Berinisiatif untuk mengatasi permasalahan tersebut, Indonesia merangkul dan memimpin diskusi tingkat kawasan dengan mengundang negara-negara ASEAN, negara mitra ASEAN di Asia-Pasifik, badan PBB dan organisasi kawasan serta internasional yang bergerak di bidang penyaluran bantuan kemanusiaan.

"Tujuan kita bersama adalah berbagi pengalaman dan praktik terbaik ... demi mengatasi berbagai kendala dalam hal bantuan kemanusiaan," kata Wakil Menteri Luar Negeri RI, AM Fachir, membuka 'The 1st Regional Conference on Humanitarian Assistance: Enhancing the Capacity of Humanitarian Actions in South East Asia' di Jakarta, Kamis (8/8/2019).
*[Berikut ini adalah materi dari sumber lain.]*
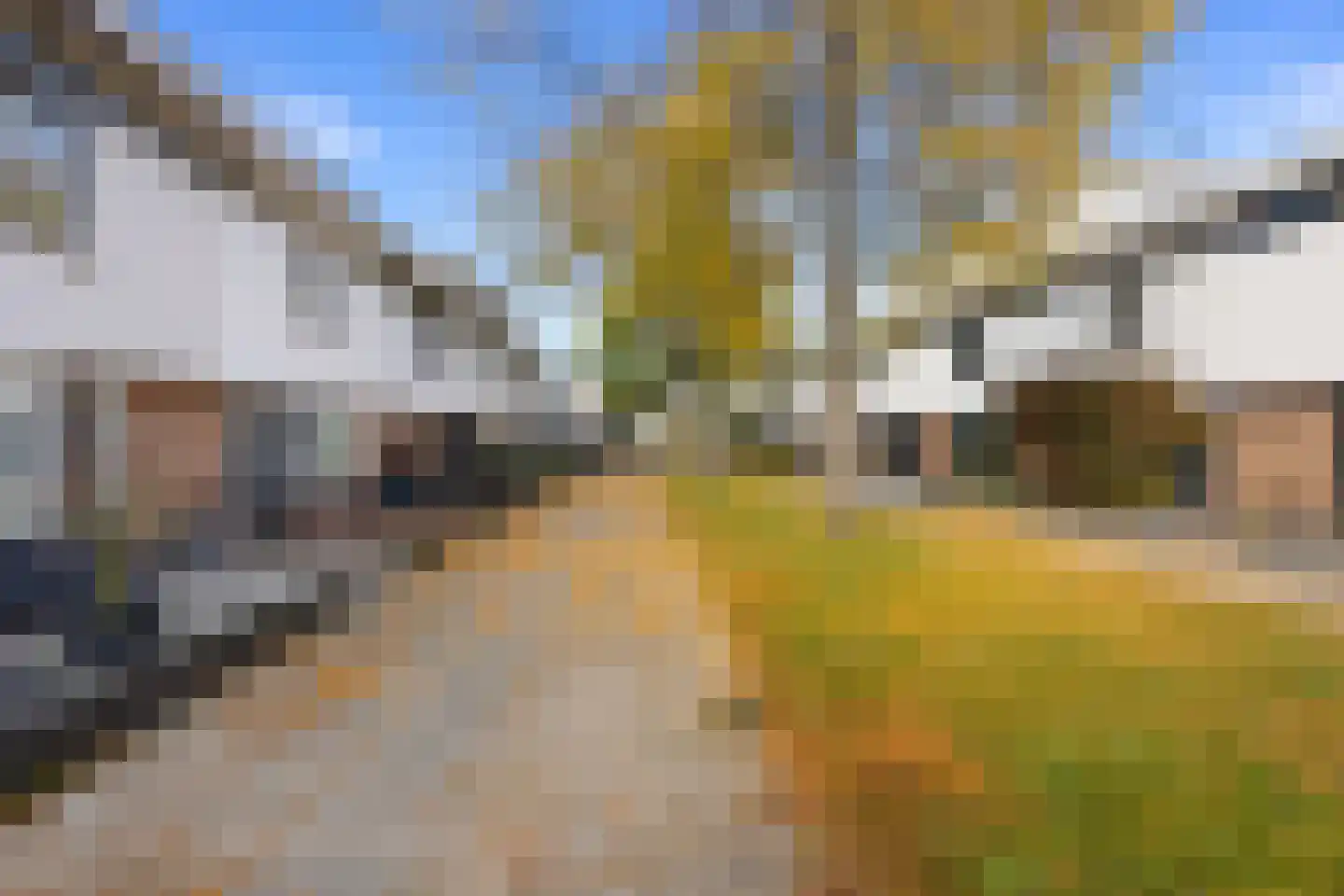 Waterschorpioen 5 Amersfoort thumbnail 35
"Isu dan kendala seputar bantuan kemanusiaan untuk krisis adalah persoalan multidimensional yang membutuhkan partisipasi bagi seluruh pemangku kepentingan; pemerintah dan organisasi non-pemerintah," lanjut Fachir.

Saksikan video pilihan di bawah ini:

2 dari 2 halaman

Mengatasi Kesenjangan, Meningkatkan Kapasitas

Terselenggaranya dialog itu berawal dari adanya permasalahan kesenjangan dan perbedaan kapasitas para aktor atau aktivis kemanusiaan dalam menyalurkan bantuan pada kelompok-kelompok target yang membutuhkan, seperti korban bencana alam hingga pengungsi lintas batas yang disebabkan oleh konflik.

"Oleh karenanya dalam kegiatan ini, kita berusaha untuk meningkatkan kapasitas para aktor penyalur bantuan kemanusiaan, lewat berbagi pengalaman, jaringan dan praktik-praktik terbaik, agar kami bisa saling belajar," jelas Wamenlu Fachir.

"Harapannya bisa menghasilkan strategi bersama, bagaimana para pelaku, bisa bekerjasama meningkatkan kapasitas mereka."

Direktur Jenderal Kerja Sama Kemlu RI, Febrian Ruddyard mengatakan bahwa kesenjangan yang dimaksud adalah perbedaan kemampuan para agensi antar-pemerintah negara yang bergerak pada bidang bantuan kemanusiaan, hingga, perbedaan regulasi.

"Jika kesenjangan terus dibiarkan, proses penyaluran bantuan kemanusiaan jadi terkendala," lanjut Febrian.

"Oleh karenanya, kita ingin lewat dialog ini, ada penyamaan standar dan kapasitas sesuai ketentuan PBB."

Dalam konferensi, Indonesia juga mempresentasikan pengalamannya sendiri dalam kegiatan penyaluran bantuan bagi krisis kemanusiaan domestik dan luar negeri, seperti: gempa Lombok dan Palu; kontribusi di kamp pengungsian Rohingya di Cox's Bazaar, Bangladesh; bantuan kemanusiaan untuk kelompok-kelompok yang membutuhkan di negara bagian Rakhine, Myanmar; hingga konsistensi uluran tangan RI untuk Palestina.

Tetapi, Direktur HAM dan Kemanusiaan Kemlu RI, Achsanul Habib menambahkan bahwa konferensi bukan untuk membahas akar terjadinya suatu krisis kemanusiaan, apalagi, 'melempar telunjuk' kepada negara-negara tertentu.

"Tidak, kita tidak membahas root causes-nya. Kalau itu yang dibahas, tidak terbangun rasa percaya antara masing-masing pihak. Karena, dalam urusan penyaluran bantuan kemanusiaan, kita butuh rasa percaya serta partisipasi semua pihak, dan itu harganya mahal," jelasnya kepada sejumlah wartawan.

Wamenlu Fachir menekankan kembali bahwa tujuan utama perhelatan itu adalah "sinergitas, penyelarasan kapasitas, dan saling berbagi."

"Masing-masing punya pengalaman dan kita bersama belajar dari pengalaman itu."